FIG 5.

KPNA6 knockout blocks nuclear translocation of PRRSV nsp1β, whereas exogenous KPNA6 expression restores its nuclear translocation. (A) WB of KPNA6 protein in the KPNA6-knockout HeLa cells. CTRL, control cells stably transfected with empty vector with Cas9; KPNA6^−/−, KPNA6-knockout HeLa cells. WB analyses of KPNA6, KPNA2, and GAPDH were conducted. (B) Relative cell viabilities of the KPNA6^−/− and CTRL HeLa cells. (C) Confocal microscopy of the KPNA6^−/− and CTRL HeLa cells with transient expression of the PRRSV proteins.
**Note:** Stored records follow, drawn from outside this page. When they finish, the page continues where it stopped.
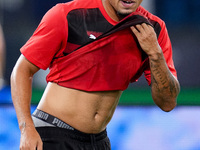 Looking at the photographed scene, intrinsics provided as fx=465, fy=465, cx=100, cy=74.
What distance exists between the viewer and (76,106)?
7.84 feet

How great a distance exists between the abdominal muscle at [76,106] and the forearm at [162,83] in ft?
0.90

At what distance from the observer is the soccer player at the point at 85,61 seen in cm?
230

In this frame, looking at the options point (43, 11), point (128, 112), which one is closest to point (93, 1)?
point (128, 112)

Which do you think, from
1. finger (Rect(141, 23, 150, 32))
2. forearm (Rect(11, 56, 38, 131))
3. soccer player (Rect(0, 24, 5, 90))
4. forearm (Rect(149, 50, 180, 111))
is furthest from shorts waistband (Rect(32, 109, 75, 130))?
soccer player (Rect(0, 24, 5, 90))

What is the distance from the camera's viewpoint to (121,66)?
8.12 ft

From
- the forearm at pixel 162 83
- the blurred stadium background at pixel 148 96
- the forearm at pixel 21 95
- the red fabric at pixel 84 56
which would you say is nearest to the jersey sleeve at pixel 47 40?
the red fabric at pixel 84 56

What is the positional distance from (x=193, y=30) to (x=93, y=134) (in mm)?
2721

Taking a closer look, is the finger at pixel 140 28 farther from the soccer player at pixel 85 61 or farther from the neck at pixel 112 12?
the neck at pixel 112 12

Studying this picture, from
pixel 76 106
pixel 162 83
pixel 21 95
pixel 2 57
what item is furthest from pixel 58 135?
pixel 2 57

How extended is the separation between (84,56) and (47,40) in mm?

The cells were transfected with plasmids encoding HA-nsp1α, HA-nsp1β, and N-YFP proteins. IFA with antibody against HA was done. The overlay IFA images show HA-nsp1α and HA-nsp1β in red fluorescence, N-YFP in green fluorescence, and nuclear DNA staining with DAPI in blue. The scale bars in the lower right portion of each image denote 10 μm. (D) Transient exogenous expression of KPNA6 in KPNA6^−/− HeLa cells restores the nuclear translocation of PRRSV nsp1β. The cells were transfected with Myc-KPNA6 and HA-nsp1β plasmids. Empty vector (EV) was included as a control. IFA with antibodies against Myc and HA was done. The overlay images of the green and blue channels (“Overlay (G+B)”) are shown. Nuclear DNA was stained with DAPI in blue. The scale bars in the low right portion of each image denote 10 μm.